Un pouvoir d'achat en baisse
Depuis 1993, le décret n° 92-93 du 19 janvier 1983 prévoit le versement d'une prime appelée "NBI" pour nouvelle bonification indiciaire pour le personnel de gériatrie. Cette prime, réservée pour les services de long séjour et cure médicale (devenus depuis soins de suite et de réadaptation), avait été étendue aux services de court séjour gériatrique pour compenser la charge de travail. C'était la pratique institutionnelle depuis 20 ans d'étendre cette prime à l'ensemble du personnel gériatrique. Mais à partir du 1er juillet 2014, la direction des Hospices Civils de Lyon a décidé de ne plus verser cette prime sous prétexte qu'il s agissait d'une erreur. Les équipes de gériatrie ont été au courant par simple courrier adressé à leur domicile leur indiquant qu'ils se verraient amputés de 46 euros sur leur pouvoir d'achat...

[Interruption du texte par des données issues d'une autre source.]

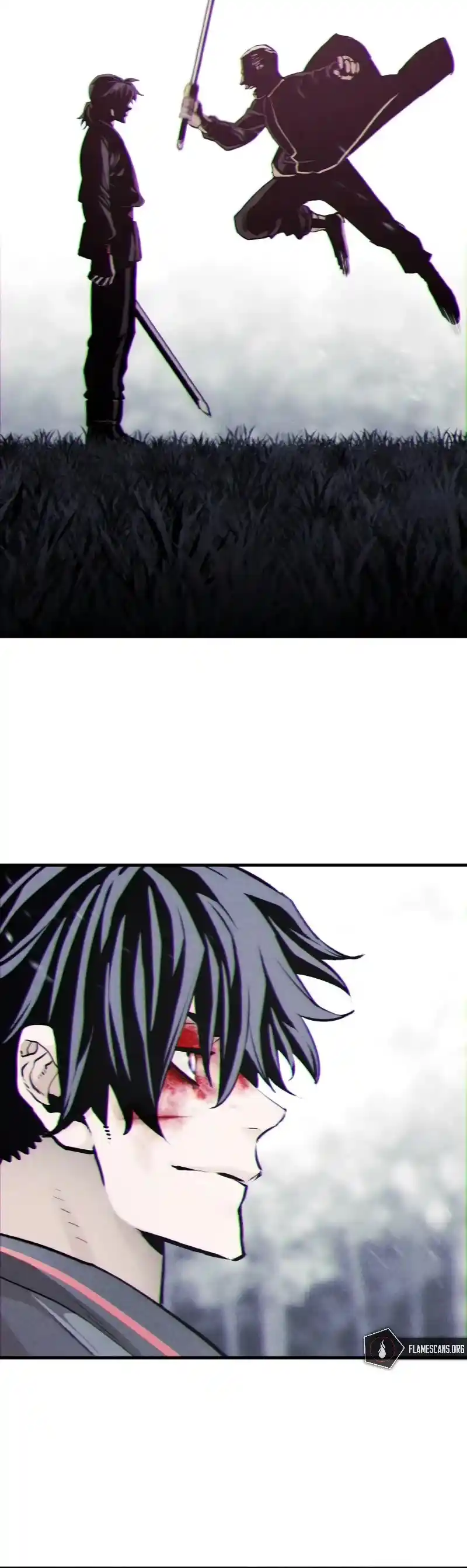 Read Murim Rpg Simulation Manga Online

Nous nous sentons méprisés par une direction autocrate qui ne prend même pas le temps de venir informer ses équipes. Cette perte de pouvoir d'achat et la dégradation de nos conditions de travail est intolérable et des actions sont en cours, à l'initiative des syndicats. Un préavis de gréve est déposé par Force Ouvrière le 1er juillet 2014.